= Beginning of Section =

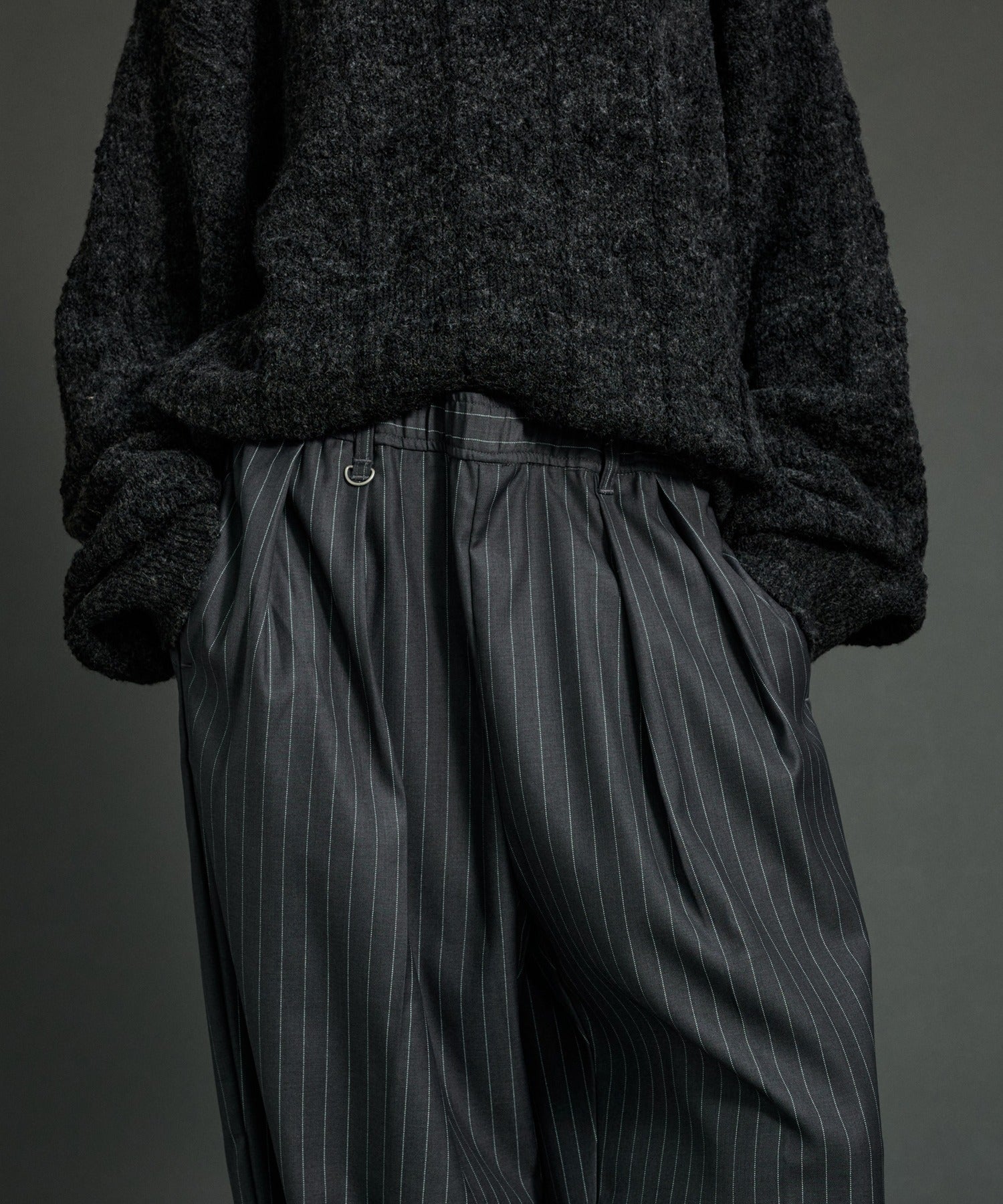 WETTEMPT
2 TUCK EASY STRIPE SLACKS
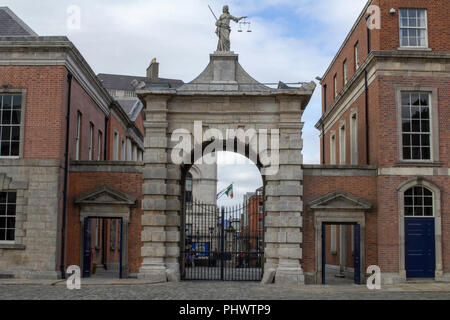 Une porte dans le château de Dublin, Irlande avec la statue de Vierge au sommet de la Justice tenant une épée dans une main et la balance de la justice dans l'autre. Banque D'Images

= End of Section =

Retype the listing verbatim, minus every image.

 WETTEMPT
2 TUCK EASY STRIPE SLACKS
 Une porte dans le château de Dublin, Irlande avec la statue de Vierge au sommet de la Justice tenant une épée dans une main et la balance de la justice dans l'autre. Banque D'Images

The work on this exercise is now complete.